A emissora de TV pública TVP, que funciona como megafone do partido governista, publicou uma reportagem sobre o briefing com a manchete: “Ele estuprou uma vaca e queria entrar na Polônia? Detalhes sobre migrantes na fronteira.”

Mas a foto revelou ser uma imagem de um filme sobre pornografia bestial disponível na internet, e envolvia um cavalo, não uma vaca.

Desde que o Talibã tomou o poder no Afeganistão, em agosto, a Polônia acolheu centenas de candidatos a asilo que chegaram de avião do Afeganistão. Mas a hostilidade a migrantes que atravessam a fronteira furtivamente tem sido uma constante do partido Lei e Justiça. Em 2015, antes das eleições que conduziram o partido ao poder, seu líder disse que esses migrantes são portadores de “todos os tipos de parasitas e protozoários”.

Mesmo assim, muitas pessoas na Polônia acham que Kaminski passou dos limites.

“Se qualquer outra pessoa tivesse feito o que ele fez, acabaria na cadeia por exibir fotos que incitam ao ódio étnico de modo tão tosco”, comentou em entrevista na semana passada Marek Nazarko, prefeito da cidade de Michalowo, próxima da fronteira com Belarus.

Testemunhas contaram que na semana passada em Michalowo 20 estrangeiros detidos, oito dos quais crianças, foram levados aos gritos por agentes de segurança encapuzados para um ônibus que os levou de volta à fronteira bielorrussa. Todos foram expulsos da Polônia.

O incidente levou Nazarko a convocar uma sessão emergencial da câmara municipal e a “enfeitar” o recinto da câmara com rolos simbólicos de arame farpado.

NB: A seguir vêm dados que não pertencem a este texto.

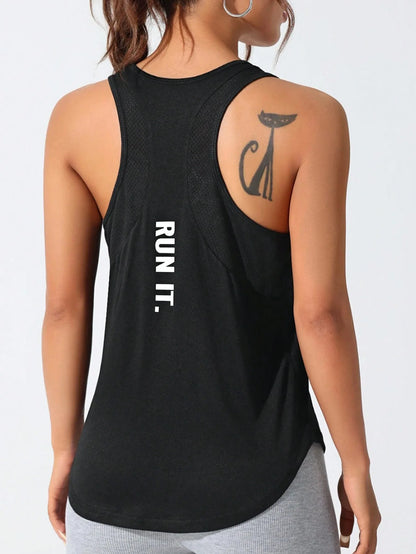 Sneldrogend sportvest met gestikte letters voor dames, ademende yogasportkleding van net, tennisuniformfietspak, dagelijks gebruik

Convidado a participar da sessão, o diretor interino do posto de fronteira da cidade, Piotr Dederko, se disse inquieto com as ordens que recebeu de Varsóvia. “Não tenho coragem de levar essas pessoas até a fronteira e jogá-las fora”, explicou. “São situações realmente difíceis.”

Os membros do conselho votaram por unanimidade por converter a estação de bombeiros da cidade num “posto de assistência” para migrantes que conseguem sair da zona de exclusão, oferecendo-lhes alimentação e abrigo temporário. Mas, para não infringir a lei, o prefeito concordou que o serviço de fronteiras será informado sobre as pessoas que procuram ajuda no posto.

“Hoje na Polônia vivemos uma situação em que ajudar pessoas virou crime”, ele lamentou.

Bystrianin, o ativista que encontrou a família de Karwan perto da floresta, passa suas noites à procura de pessoas desesperadas, percorrendo estradas rurais vicinais em um carro carregado de alimentos doados, água, cobertores e roupas secas.

Diretor da organização beneficente particular Fundacja Ocalenie, na manhã do sábado Bystrianin esperava pacientemente a família atormentada tomar sua decisão.

Temendo que sua filha doente e outros no grupo talvez não sobrevivessem, Karwan decidiu que seria melhor buscar assistência médica. Duas ambulâncias chegaram, acompanhadas por guardas de segurança, conforme lhe fora avisado.

Quatro membros da família foram levados ao hospital e seis outros à fronteira para ser expulsos para Belarus. Bystrianin e outra ativista, Dorota Nowok, que estavam na área para oferecer alimentos e roupas aos migrantes, foram multados por entrarem numa zona restrita.